2022-09-14 07:00:44 | 防衛・安全保障
■臨時情報-ウクライナ情勢
 ウクライナ軍はルガンスク州解放を示唆する行動を示していますが実際どう展開するかは当事者以外分りません。

 極東において実施されたボストーク演習、日本海でも中ロ艦艇の射撃などが行われ海上自衛隊が警戒に当りましたが、この演習がウクライナ軍反撃に影響したのでしょうか。ロシア軍は友好国と併せ6万名の兵力を集中し、まだロシア軍には余力がある事を誇示しましたが、ウクライナ軍の反撃は、政治的な誇示というロシア側の施策は裏目に出た形です。
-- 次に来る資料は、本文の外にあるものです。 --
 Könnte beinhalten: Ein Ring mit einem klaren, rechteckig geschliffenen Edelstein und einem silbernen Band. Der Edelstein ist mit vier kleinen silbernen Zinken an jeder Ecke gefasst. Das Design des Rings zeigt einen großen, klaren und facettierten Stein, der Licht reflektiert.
 ボストーク演習での兵力引抜きは、ウクライナ軍から見る限り、喩え6万とはいえロシア軍に予備戦力が枯渇、そして予備戦力の無い中で、更にウクライナ軍が実施した特殊部隊主体と思われる南部ヘルソン州やクリミア半島での遊撃作戦への警備強化を名目としたロシア軍分散が、東部でのウクライナ軍反撃、実に80km近く前進を支えたといえましょう。

 ルガンスク州へのウクライナ軍反撃も見えてきました、ルガンスク州は2014年のウクライナ東部紛争においてロシア軍装備を備えた事象民兵集団だるルガンスク人民共和国軍により2014年10月10日にウクライナ軍が撤退し、州都もルガンスク市が武装勢力に占拠されたことから臨時に西部のセヴェロトネツク市へ遷されています。ここでの反撃には意味が。

 ルガンスク州はロシア系住民が多いとしてロシアが割譲を目指す東部二州の一つです。ウクライナ軍はハリコフ州全域を解放すると共にルガンスク州への奪還と思われる行動を執っており、攻勢限界点、どの程度の弾薬や燃料や整備などの見通しを持っているかは現時点で発表されていませんが、仮にこのまま前進するならば、計画が在った事になります。

 火力と兵力が第一のロシア軍に対して、NATOは冷戦時代に機動力で戦闘正面に兵力を集中し、火力の総量よりも火力の精度で補う手法です、新しいものでも無く中世からある伝統的な内線作戦の現代版です。他方、奪還した地域ではロシア軍により深刻な人権侵害があり、この事実はウクライナ世論に占領地全域の奪還へ支持を強める事となるでしょう。

 クリミア半島のセバストポリ軍港は維持できるのだろうか、これはソ連黒海艦隊の拠点でありウクライナ独立後もロシア軍がクリミア半島の軍港周辺だけでも維持し、2014年のクリミア危機ではロシア軍が全土を占領した地域です。クリミア半島の奪還を掲げているウクライナ政府がウクライナ世論では支持されていますが、此処にセバストポリを含むのかが、未知数です。